Area / Job Type
Cape Town area, South Africa (hybrid & flexi-hours)
Permanent - Fulltime
The Company
Our client specialises in servicing and solving complex operational challenges for large online gaming clients. At their core, they are expert problem-solvers and they work hard to deliver gaming software of the highest quality, every time, for each of their clients. They push the boundaries of gaming design and development, aiming at all times to provide advanced solutions to complex operational challenges.
Overview
Administer the Online Gaming platforms, ensure optimum performance and availability of such platforms, provide third/fourth-level troubleshooting support, and liaise with all applicable service providers and third parties including Network Operations Centre (NOC)/1st/2nd line support. Provide technical support to all roles.
Personal Characteristics
You are a great team player; passionate about technology and your job with a proactive and flexible attitude and an ability to tackle day-to-day tasks and projects with an attitude that enables you to constantly take new skills on board.
Sound fault-finding skills and an ability to react to problematic situations in a focused manner are essential in this role.
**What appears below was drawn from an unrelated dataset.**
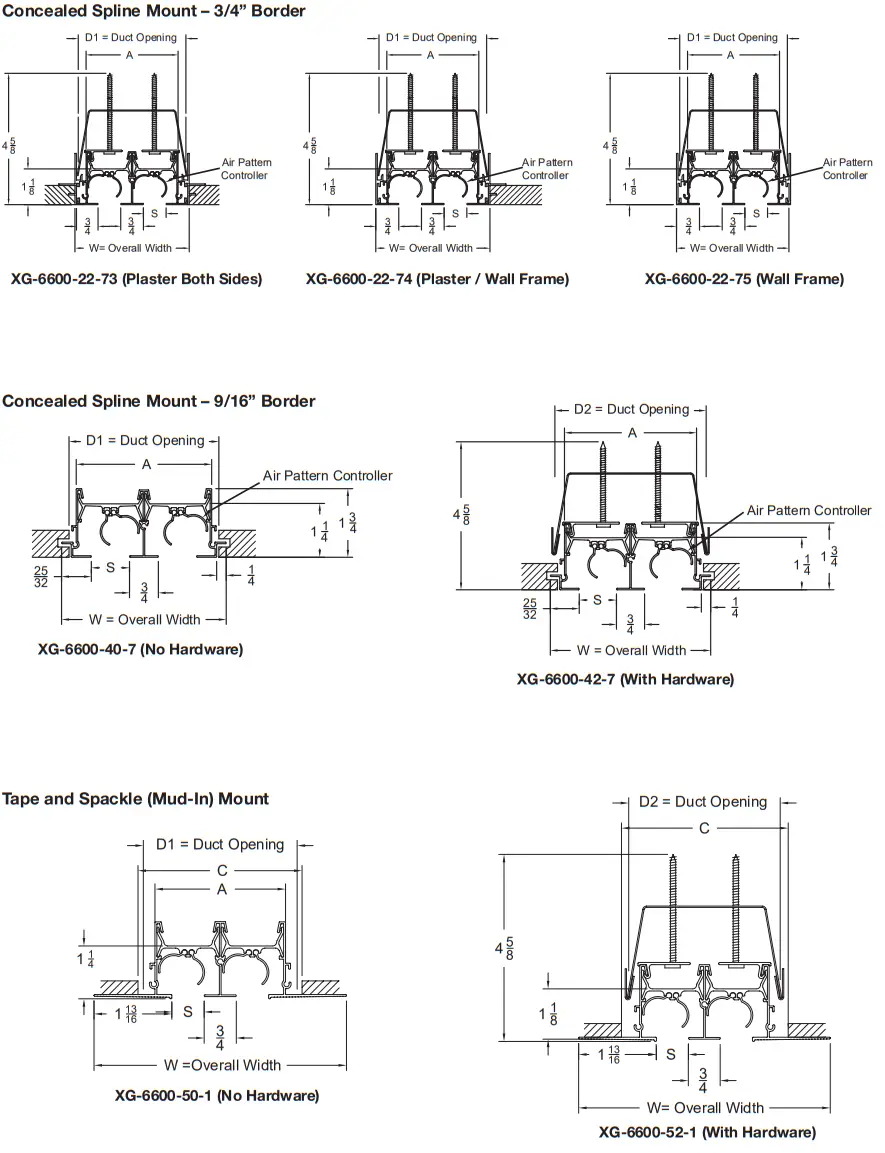 GREENHECK XG 6600 Linear Slot Diffuser - Drawings2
Some on-call support may be required as 3rd/4th line support in problem situations.
Key Responsibilities
- Partake in the design and implementation of new setups
- Assist in process improvement and automation.
- Test and design new systems/services and their suitability for possible use in production environments
- Proactive monitoring and support of the live and staging infrastructure
- Investigate and react to any live or staging issues that might arise
- Prepare and take part in the periodic release of new software
- Act as an escalation point for issues flagged by customer support
- Handle service requests, incidents, problems, and change requests, using ITIL best practice.
- Assist in process improvement and automation.
- Assist in intensive investigations into problems that would include detailed log and metrics analysis to provide detailed analysis, resolution, and future prevention of such issues
Desirable Skills
- At least 10 years of experience predominantly in Linux-based environments
- All-rounder, with very good IT knowledge and especially in Linux technologies
- Possess excellent communication skills, capable of delivering information to both technical as well as non-technical personnel
- Ability to work autonomously and in a team environment
- Deep knowledge of various monitoring tools
- Excellent problem-solving skills
- Detect/analyse alarms to provide fault isolation and remote troubleshooting, being a responsible individual for problems until their complete resolution
- Acts as a senior technical resource for outages until restoration.
- Ability to analyse logs for troubleshooting issues, including malicious activity or cybersecurity threats, code and systems errors, and problems
- Excellent attention to detail and organisational skills
- Understands how to direct, support, and guide other team members and knows how to motivate them
- Production support or implementation of Kubernetes, preferably in google managed Kubernetes environment (GKE) for at least 18 months
- Virtualisation - OpenStack, Vmware
- Cloud - Experience with any: Google GKE, Amazon EKS, Azure AKS, Openshift/OKD
- Excellent networking skills including packet capture and analysis
- Excellent log analysis and setup of aggregated logging systems such as Splunk/EFK
- Excellent monitoring and metrics analysis and systems implementation such as Grafana, Graphite, Prometheus, Zabbix, etc…
- Excellent usage and understanding of infrastructure orchestration systems such as Ansible and Ansible Tower, failing that, experience in terraform/chef/puppet/saltstack
- Experience with code repositories Github/Gitlab
- Experience with MongoDB from an administration and deployment perspective including MongoDB clusters and data replication between instances
- Experience with CI/CD pipelines
- Experience with DNS/HTTPS certificates